Task description
Everything in the records must be reproduced exactly, except for the pictures.
■ ■ ■
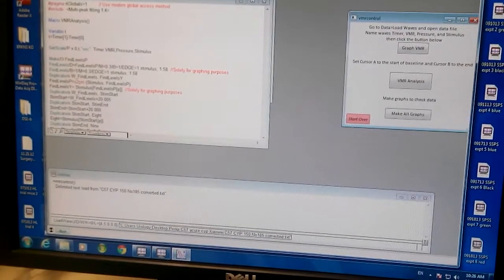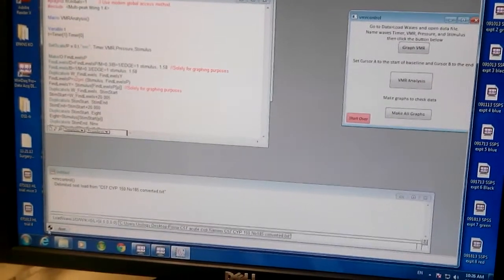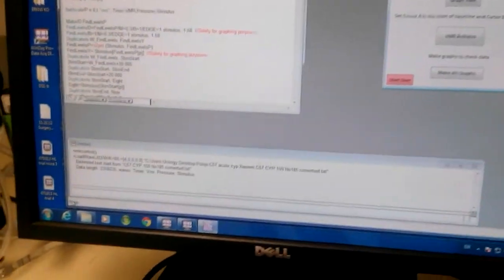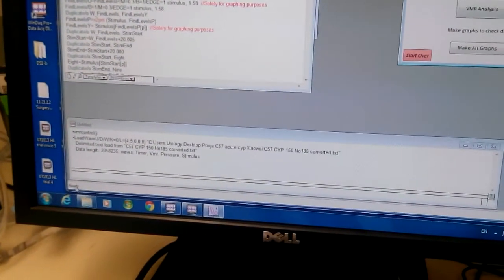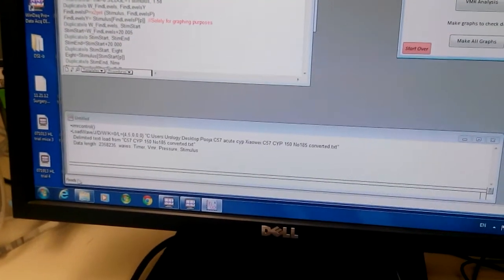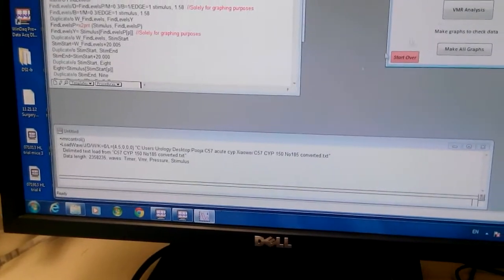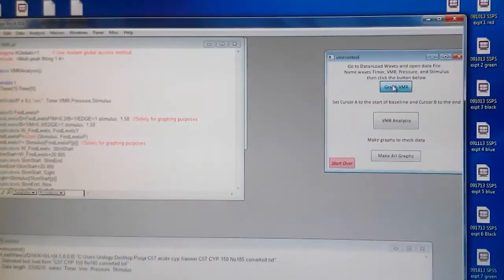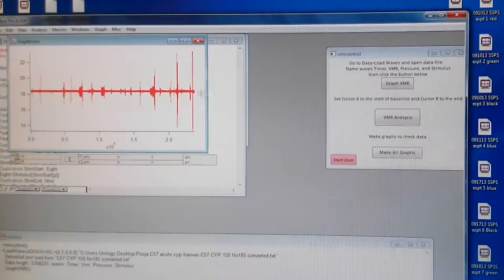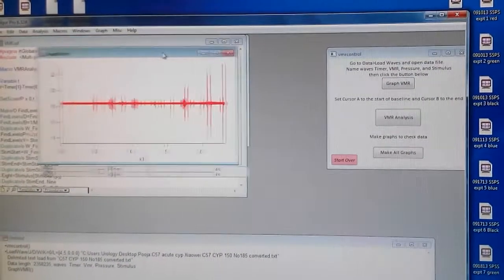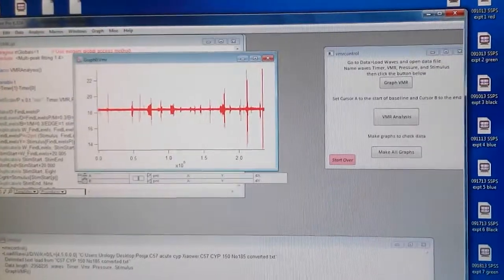You have to watch out for this. Usually there is an error. Now when it says ready, then you can say graph VMR. So here comes your graph.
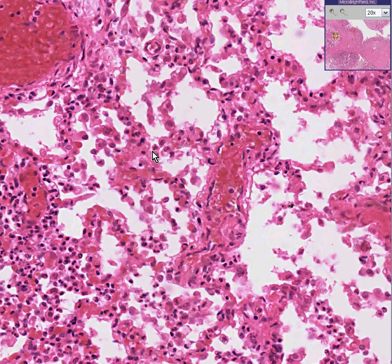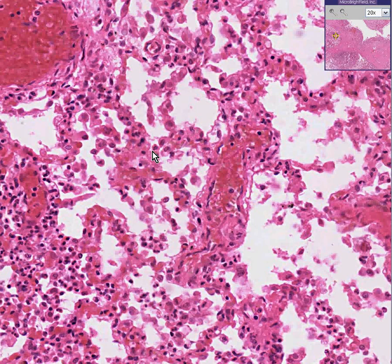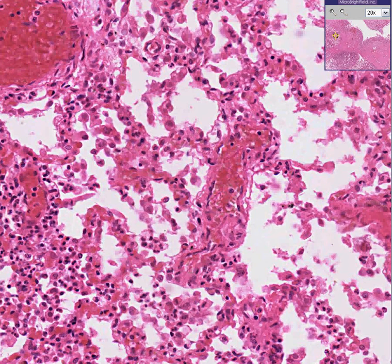This is from a bronchopneumonia. Bronchopneumonias are called bronchopneumonias because they generally start out in the bronchi. Lobar pneumonias generally start in the alveoli and can involve a whole lobe of the lung. But bronchopneumonias start out in the bronchi and bronchioles and eventually spread to the lung. Any type of pneumonia, if severe enough, can cause a well-defined pus pocket called an abscess, and that's exactly what we're dealing with here — a bronchopneumonia severe enough to cause an abscess.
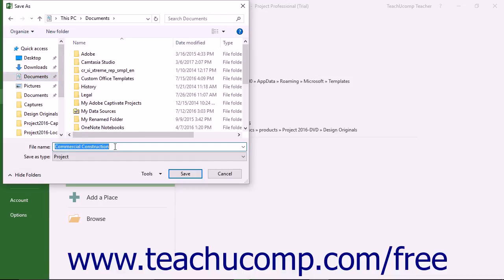File names should be short and descriptive. You cannot use the following symbols in a file name: the colon, the forward slash, the backslash, the greater than sign, the less than sign, the asterisk, double quotes, or the pipe symbol.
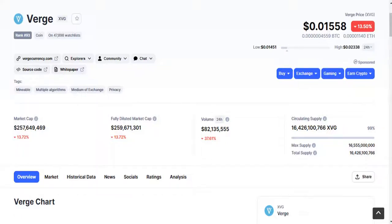Welcome friends. In this video I will do technical analysis of Verge XVG coin and I will tell you my next long-term targets, my next medium-term targets, and my next immediate short-term target for Verge XVG coin.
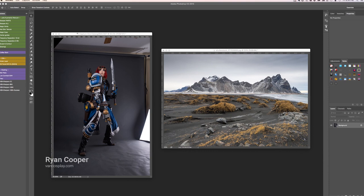Hey guys, Ryan Cooper here from Venn Cosplay Photography. Today I'm going to go over a quick and simple tip that you can use to deal with images of different color depths when you're trying to composite them together.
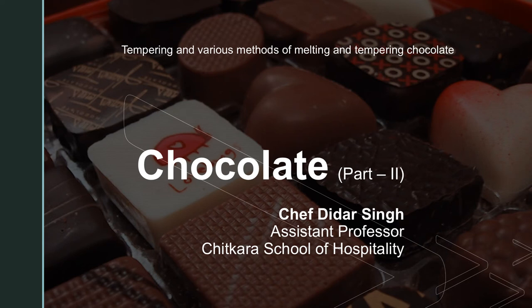Hello everyone. My name is Chef Didar Singh, Assistant Professor, Chitkara School of Hospitality. In the last part of the video, in part one of chocolate, we discussed about what is chocolate, what is the manufacturing process of chocolate, types of chocolate, and various storage methods for chocolate.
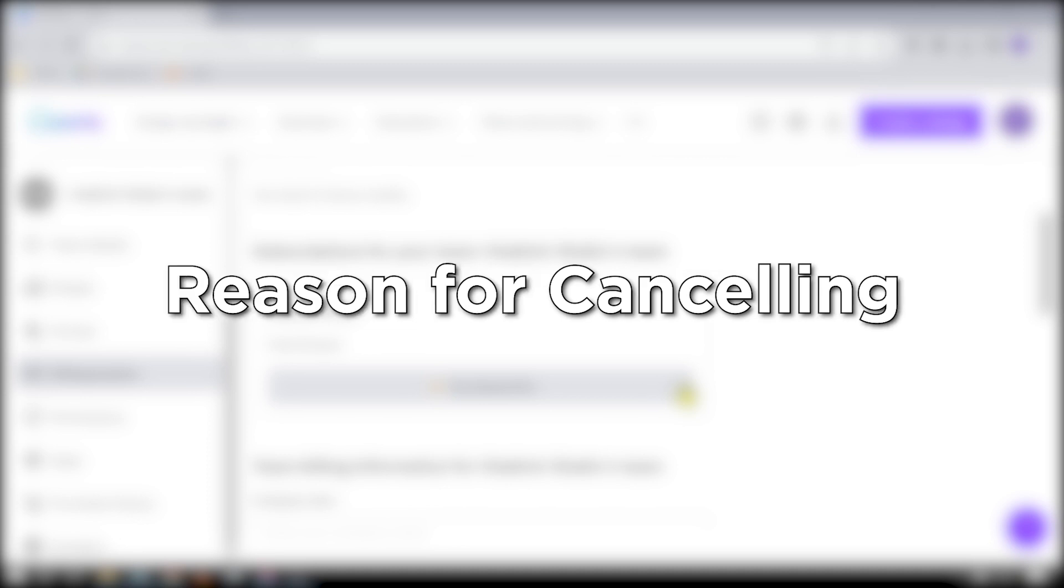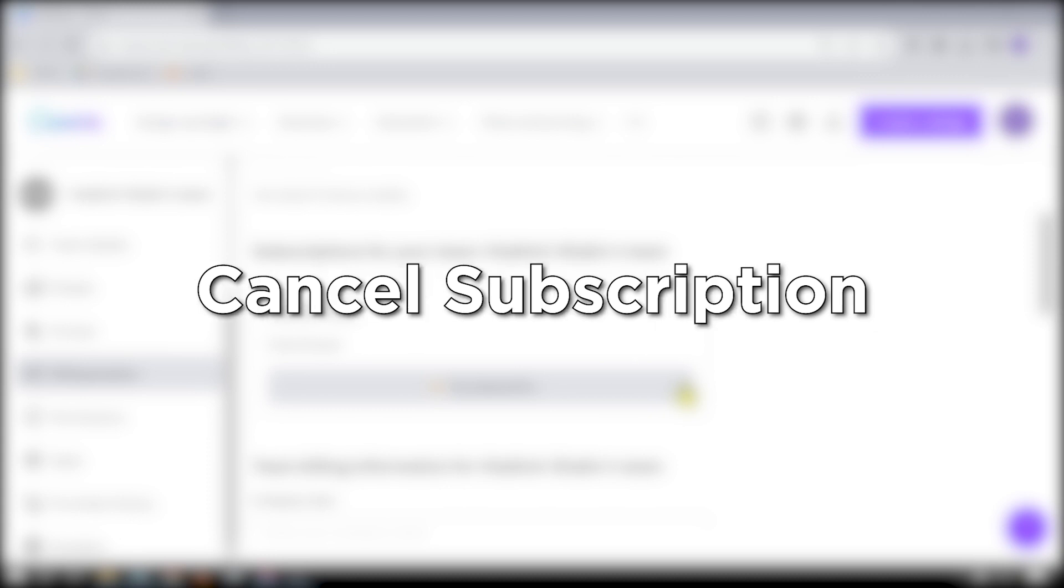After that, you will be asked to give a reason, so click any reason that fits best. Or you can also manually type yours. After that, hit continue cancellation and click cancel subscription.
■ ■ ■
Exercise result
You have to watch out for this. Usually there is an error. Now when it says ready, then you can say graph VMR. So here comes your graph.
This is from a bronchopneumonia. Bronchopneumonias are called bronchopneumonias because they generally start out in the bronchi. Lobar pneumonias generally start in the alveoli and can involve a whole lobe of the lung. But bronchopneumonias start out in the bronchi and bronchioles and eventually spread to the lung. Any type of pneumonia, if severe enough, can cause a well-defined pus pocket called an abscess, and that's exactly what we're dealing with here — a bronchopneumonia severe enough to cause an abscess.
File names should be short and descriptive. You cannot use the following symbols in a file name: the colon, the forward slash, the backslash, the greater than sign, the less than sign, the asterisk, double quotes, or the pipe symbol.
Welcome friends. In this video I will do technical analysis of Verge XVG coin and I will tell you my next long-term targets, my next medium-term targets, and my next immediate short-term target for Verge XVG coin.
Hey guys, Ryan Cooper here from Venn Cosplay Photography. Today I'm going to go over a quick and simple tip that you can use to deal with images of different color depths when you're trying to composite them together.
Hello everyone. My name is Chef Didar Singh, Assistant Professor, Chitkara School of Hospitality. In the last part of the video, in part one of chocolate, we discussed about what is chocolate, what is the manufacturing process of chocolate, types of chocolate, and various storage methods for chocolate.
After that, you will be asked to give a reason, so click any reason that fits best. Or you can also manually type yours. After that, hit continue cancellation and click cancel subscription.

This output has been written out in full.